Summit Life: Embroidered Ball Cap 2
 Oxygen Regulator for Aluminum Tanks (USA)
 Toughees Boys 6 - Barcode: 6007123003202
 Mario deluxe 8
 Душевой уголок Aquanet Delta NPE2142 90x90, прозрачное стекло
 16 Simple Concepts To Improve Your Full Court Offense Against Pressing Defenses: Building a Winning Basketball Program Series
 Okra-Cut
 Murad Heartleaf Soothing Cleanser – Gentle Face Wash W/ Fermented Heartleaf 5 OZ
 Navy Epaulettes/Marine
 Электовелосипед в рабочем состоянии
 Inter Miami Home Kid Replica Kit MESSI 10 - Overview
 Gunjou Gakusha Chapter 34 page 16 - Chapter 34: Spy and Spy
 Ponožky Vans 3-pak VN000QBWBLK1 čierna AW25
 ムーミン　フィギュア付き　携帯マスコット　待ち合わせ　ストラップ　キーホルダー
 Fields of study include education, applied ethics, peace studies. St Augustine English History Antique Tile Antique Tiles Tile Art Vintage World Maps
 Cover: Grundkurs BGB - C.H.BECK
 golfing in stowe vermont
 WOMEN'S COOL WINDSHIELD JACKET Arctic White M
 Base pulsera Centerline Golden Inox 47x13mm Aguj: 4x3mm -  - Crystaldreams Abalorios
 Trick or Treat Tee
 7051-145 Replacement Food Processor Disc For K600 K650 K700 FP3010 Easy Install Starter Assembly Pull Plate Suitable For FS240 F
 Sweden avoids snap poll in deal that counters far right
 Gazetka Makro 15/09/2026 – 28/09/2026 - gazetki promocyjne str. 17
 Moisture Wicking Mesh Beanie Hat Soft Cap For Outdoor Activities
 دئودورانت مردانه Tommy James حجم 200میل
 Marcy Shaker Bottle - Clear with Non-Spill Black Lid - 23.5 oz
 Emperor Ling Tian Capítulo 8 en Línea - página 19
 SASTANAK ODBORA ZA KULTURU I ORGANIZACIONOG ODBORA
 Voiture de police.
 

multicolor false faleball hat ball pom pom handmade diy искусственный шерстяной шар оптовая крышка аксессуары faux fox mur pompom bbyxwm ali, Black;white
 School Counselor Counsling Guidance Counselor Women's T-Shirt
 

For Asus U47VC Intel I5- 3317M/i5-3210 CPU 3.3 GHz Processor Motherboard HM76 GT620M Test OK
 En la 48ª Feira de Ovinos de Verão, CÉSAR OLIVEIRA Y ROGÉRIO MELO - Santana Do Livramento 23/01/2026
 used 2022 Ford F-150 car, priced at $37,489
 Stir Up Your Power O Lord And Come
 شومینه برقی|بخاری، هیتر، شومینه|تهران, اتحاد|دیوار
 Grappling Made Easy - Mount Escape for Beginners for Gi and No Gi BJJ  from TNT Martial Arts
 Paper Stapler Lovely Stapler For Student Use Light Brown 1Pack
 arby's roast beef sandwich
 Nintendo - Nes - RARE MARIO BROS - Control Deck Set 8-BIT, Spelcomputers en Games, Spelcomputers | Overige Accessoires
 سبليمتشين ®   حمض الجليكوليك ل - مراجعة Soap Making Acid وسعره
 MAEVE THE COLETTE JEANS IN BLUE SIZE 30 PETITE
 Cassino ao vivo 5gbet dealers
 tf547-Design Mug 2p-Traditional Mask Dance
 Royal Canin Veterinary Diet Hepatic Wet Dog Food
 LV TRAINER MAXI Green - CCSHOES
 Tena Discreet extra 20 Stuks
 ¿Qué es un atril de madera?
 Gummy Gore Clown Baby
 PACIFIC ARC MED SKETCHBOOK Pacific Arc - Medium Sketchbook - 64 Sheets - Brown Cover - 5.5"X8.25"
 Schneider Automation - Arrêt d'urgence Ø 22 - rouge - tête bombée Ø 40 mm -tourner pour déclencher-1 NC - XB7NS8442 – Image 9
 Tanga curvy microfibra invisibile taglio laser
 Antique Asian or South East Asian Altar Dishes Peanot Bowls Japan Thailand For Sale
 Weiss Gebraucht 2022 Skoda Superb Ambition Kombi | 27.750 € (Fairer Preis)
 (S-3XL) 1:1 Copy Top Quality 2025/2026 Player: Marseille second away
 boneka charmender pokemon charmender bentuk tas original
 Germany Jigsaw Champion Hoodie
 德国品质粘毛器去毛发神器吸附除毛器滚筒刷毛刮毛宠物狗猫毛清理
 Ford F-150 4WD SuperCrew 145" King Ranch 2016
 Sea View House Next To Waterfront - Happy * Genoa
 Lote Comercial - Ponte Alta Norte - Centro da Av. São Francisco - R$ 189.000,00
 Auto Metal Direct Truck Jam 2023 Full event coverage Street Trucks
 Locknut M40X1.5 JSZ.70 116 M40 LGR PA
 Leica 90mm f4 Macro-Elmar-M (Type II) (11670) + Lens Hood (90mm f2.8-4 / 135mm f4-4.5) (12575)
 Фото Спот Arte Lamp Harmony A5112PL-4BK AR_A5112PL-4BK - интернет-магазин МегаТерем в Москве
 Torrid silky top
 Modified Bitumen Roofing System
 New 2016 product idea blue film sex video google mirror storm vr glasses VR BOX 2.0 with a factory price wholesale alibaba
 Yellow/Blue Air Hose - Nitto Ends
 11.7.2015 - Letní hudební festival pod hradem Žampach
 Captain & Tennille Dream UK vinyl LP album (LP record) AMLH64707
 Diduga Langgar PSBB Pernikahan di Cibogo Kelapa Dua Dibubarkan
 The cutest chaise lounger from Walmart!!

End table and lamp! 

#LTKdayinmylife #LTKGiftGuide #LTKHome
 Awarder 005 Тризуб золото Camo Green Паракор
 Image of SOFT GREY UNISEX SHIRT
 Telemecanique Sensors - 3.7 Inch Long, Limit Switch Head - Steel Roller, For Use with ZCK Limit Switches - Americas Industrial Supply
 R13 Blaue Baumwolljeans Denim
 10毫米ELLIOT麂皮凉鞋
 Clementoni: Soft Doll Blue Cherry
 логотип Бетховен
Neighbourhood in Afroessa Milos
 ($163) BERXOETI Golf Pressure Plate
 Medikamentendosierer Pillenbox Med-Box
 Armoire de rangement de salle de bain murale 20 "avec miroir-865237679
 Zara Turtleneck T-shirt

■ WHAT TO WORK ON:
Beginning with the line containing "شومینه برقی|بخاری، هیتر،" in the material above, copy every line exactly until you have copied the line containing "Auto Metal Direct".

■ RESPONSE TO THE TASK:
 شومینه برقی|بخاری، هیتر، شومینه|تهران, اتحاد|دیوار
 Grappling Made Easy - Mount Escape for Beginners for Gi and No Gi BJJ  from TNT Martial Arts
 Paper Stapler Lovely Stapler For Student Use Light Brown 1Pack
 arby's roast beef sandwich
 Nintendo - Nes - RARE MARIO BROS - Control Deck Set 8-BIT, Spelcomputers en Games, Spelcomputers | Overige Accessoires
 سبليمتشين ®   حمض الجليكوليك ل - مراجعة Soap Making Acid وسعره
 MAEVE THE COLETTE JEANS IN BLUE SIZE 30 PETITE
 Cassino ao vivo 5gbet dealers
 tf547-Design Mug 2p-Traditional Mask Dance
 Royal Canin Veterinary Diet Hepatic Wet Dog Food
 LV TRAINER MAXI Green - CCSHOES
 Tena Discreet extra 20 Stuks
 ¿Qué es un atril de madera?
 Gummy Gore Clown Baby
 PACIFIC ARC MED SKETCHBOOK Pacific Arc - Medium Sketchbook - 64 Sheets - Brown Cover - 5.5"X8.25"
 Schneider Automation - Arrêt d'urgence Ø 22 - rouge - tête bombée Ø 40 mm -tourner pour déclencher-1 NC - XB7NS8442 – Image 9
 Tanga curvy microfibra invisibile taglio laser
 Antique Asian or South East Asian Altar Dishes Peanot Bowls Japan Thailand For Sale
 Weiss Gebraucht 2022 Skoda Superb Ambition Kombi | 27.750 € (Fairer Preis)
 (S-3XL) 1:1 Copy Top Quality 2025/2026 Player: Marseille second away
 boneka charmender pokemon charmender bentuk tas original
 Germany Jigsaw Champion Hoodie
 德国品质粘毛器去毛发神器吸附除毛器滚筒刷毛刮毛宠物狗猫毛清理
 Ford F-150 4WD SuperCrew 145" King Ranch 2016
 Sea View House Next To Waterfront - Happy * Genoa
 Lote Comercial - Ponte Alta Norte - Centro da Av. São Francisco - R$ 189.000,00
 Auto Metal Direct Truck Jam 2023 Full event coverage Street Trucks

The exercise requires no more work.